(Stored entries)
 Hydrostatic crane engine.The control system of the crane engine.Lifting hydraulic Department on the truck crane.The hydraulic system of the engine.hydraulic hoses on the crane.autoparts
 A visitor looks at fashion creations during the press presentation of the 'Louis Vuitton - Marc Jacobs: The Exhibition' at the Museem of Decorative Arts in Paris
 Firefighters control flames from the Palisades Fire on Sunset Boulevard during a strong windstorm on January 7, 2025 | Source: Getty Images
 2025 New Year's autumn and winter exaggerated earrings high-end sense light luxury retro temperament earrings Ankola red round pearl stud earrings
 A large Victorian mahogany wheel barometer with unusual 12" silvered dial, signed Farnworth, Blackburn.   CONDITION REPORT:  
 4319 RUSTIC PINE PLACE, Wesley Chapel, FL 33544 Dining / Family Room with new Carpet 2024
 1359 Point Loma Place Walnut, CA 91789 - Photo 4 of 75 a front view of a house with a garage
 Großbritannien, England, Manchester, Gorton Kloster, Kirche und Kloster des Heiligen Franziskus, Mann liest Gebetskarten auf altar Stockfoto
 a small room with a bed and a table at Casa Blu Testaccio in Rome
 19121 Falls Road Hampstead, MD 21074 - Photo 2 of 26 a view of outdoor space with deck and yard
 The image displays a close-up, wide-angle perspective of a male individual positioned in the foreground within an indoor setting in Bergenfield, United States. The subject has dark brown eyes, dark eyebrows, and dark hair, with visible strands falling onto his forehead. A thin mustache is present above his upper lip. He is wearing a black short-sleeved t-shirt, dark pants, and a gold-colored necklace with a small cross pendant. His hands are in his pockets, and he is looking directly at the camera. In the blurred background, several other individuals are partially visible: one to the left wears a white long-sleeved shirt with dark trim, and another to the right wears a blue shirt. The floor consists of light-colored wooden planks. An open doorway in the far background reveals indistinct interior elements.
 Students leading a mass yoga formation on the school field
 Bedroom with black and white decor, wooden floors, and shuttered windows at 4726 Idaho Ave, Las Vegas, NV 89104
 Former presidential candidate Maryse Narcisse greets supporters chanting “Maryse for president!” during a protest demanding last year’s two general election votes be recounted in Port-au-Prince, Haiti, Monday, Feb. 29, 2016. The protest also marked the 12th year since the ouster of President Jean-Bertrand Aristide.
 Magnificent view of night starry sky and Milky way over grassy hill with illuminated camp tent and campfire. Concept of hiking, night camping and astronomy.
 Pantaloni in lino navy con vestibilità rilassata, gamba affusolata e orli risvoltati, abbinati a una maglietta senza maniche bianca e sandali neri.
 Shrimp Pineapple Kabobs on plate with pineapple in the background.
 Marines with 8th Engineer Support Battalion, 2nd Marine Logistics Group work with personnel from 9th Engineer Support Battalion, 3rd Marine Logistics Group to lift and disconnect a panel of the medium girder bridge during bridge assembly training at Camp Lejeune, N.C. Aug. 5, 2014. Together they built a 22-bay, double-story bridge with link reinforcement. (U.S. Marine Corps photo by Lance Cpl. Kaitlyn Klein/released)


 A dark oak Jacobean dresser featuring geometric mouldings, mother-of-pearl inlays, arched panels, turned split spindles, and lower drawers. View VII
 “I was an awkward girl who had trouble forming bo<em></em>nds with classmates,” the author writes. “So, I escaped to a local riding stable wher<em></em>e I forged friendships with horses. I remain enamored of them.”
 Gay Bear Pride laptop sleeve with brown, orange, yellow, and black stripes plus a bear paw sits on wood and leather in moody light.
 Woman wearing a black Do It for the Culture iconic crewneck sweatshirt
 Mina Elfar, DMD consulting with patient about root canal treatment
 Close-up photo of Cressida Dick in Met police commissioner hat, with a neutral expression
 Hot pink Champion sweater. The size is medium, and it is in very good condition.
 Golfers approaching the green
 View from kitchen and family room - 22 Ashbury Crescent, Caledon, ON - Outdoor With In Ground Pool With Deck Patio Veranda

• Work task
Set down all of the entries exactly, please.

• Response for this exercise
 Hydrostatic crane engine.The control system of the crane engine.Lifting hydraulic Department on the truck crane.The hydraulic system of the engine.hydraulic hoses on the crane.autoparts
 A visitor looks at fashion creations during the press presentation of the 'Louis Vuitton - Marc Jacobs: The Exhibition' at the Museem of Decorative Arts in Paris
 Firefighters control flames from the Palisades Fire on Sunset Boulevard during a strong windstorm on January 7, 2025 | Source: Getty Images
 2025 New Year's autumn and winter exaggerated earrings high-end sense light luxury retro temperament earrings Ankola red round pearl stud earrings
 A large Victorian mahogany wheel barometer with unusual 12" silvered dial, signed Farnworth, Blackburn.   CONDITION REPORT:  
 4319 RUSTIC PINE PLACE, Wesley Chapel, FL 33544 Dining / Family Room with new Carpet 2024
 1359 Point Loma Place Walnut, CA 91789 - Photo 4 of 75 a front view of a house with a garage
 Großbritannien, England, Manchester, Gorton Kloster, Kirche und Kloster des Heiligen Franziskus, Mann liest Gebetskarten auf altar Stockfoto
 a small room with a bed and a table at Casa Blu Testaccio in Rome
 19121 Falls Road Hampstead, MD 21074 - Photo 2 of 26 a view of outdoor space with deck and yard
 The image displays a close-up, wide-angle perspective of a male individual positioned in the foreground within an indoor setting in Bergenfield, United States. The subject has dark brown eyes, dark eyebrows, and dark hair, with visible strands falling onto his forehead. A thin mustache is present above his upper lip. He is wearing a black short-sleeved t-shirt, dark pants, and a gold-colored necklace with a small cross pendant. His hands are in his pockets, and he is looking directly at the camera. In the blurred background, several other individuals are partially visible: one to the left wears a white long-sleeved shirt with dark trim, and another to the right wears a blue shirt. The floor consists of light-colored wooden planks. An open doorway in the far background reveals indistinct interior elements.
 Students leading a mass yoga formation on the school field
 Bedroom with black and white decor, wooden floors, and shuttered windows at 4726 Idaho Ave, Las Vegas, NV 89104
 Former presidential candidate Maryse Narcisse greets supporters chanting “Maryse for president!” during a protest demanding last year’s two general election votes be recounted in Port-au-Prince, Haiti, Monday, Feb. 29, 2016. The protest also marked the 12th year since the ouster of President Jean-Bertrand Aristide.
 Magnificent view of night starry sky and Milky way over grassy hill with illuminated camp tent and campfire. Concept of hiking, night camping and astronomy.
 Pantaloni in lino navy con vestibilità rilassata, gamba affusolata e orli risvoltati, abbinati a una maglietta senza maniche bianca e sandali neri.
 Shrimp Pineapple Kabobs on plate with pineapple in the background.
 Marines with 8th Engineer Support Battalion, 2nd Marine Logistics Group work with personnel from 9th Engineer Support Battalion, 3rd Marine Logistics Group to lift and disconnect a panel of the medium girder bridge during bridge assembly training at Camp Lejeune, N.C. Aug. 5, 2014. Together they built a 22-bay, double-story bridge with link reinforcement. (U.S. Marine Corps photo by Lance Cpl. Kaitlyn Klein/released)


 A dark oak Jacobean dresser featuring geometric mouldings, mother-of-pearl inlays, arched panels, turned split spindles, and lower drawers. View VII
 “I was an awkward girl who had trouble forming bo<em></em>nds with classmates,” the author writes. “So, I escaped to a local riding stable wher<em></em>e I forged friendships with horses. I remain enamored of them.”
 Gay Bear Pride laptop sleeve with brown, orange, yellow, and black stripes plus a bear paw sits on wood and leather in moody light.
 Woman wearing a black Do It for the Culture iconic crewneck sweatshirt
 Mina Elfar, DMD consulting with patient about root canal treatment
 Close-up photo of Cressida Dick in Met police commissioner hat, with a neutral expression
 Hot pink Champion sweater. The size is medium, and it is in very good condition.
 Golfers approaching the green
 View from kitchen and family room - 22 Ashbury Crescent, Caledon, ON - Outdoor With In Ground Pool With Deck Patio Veranda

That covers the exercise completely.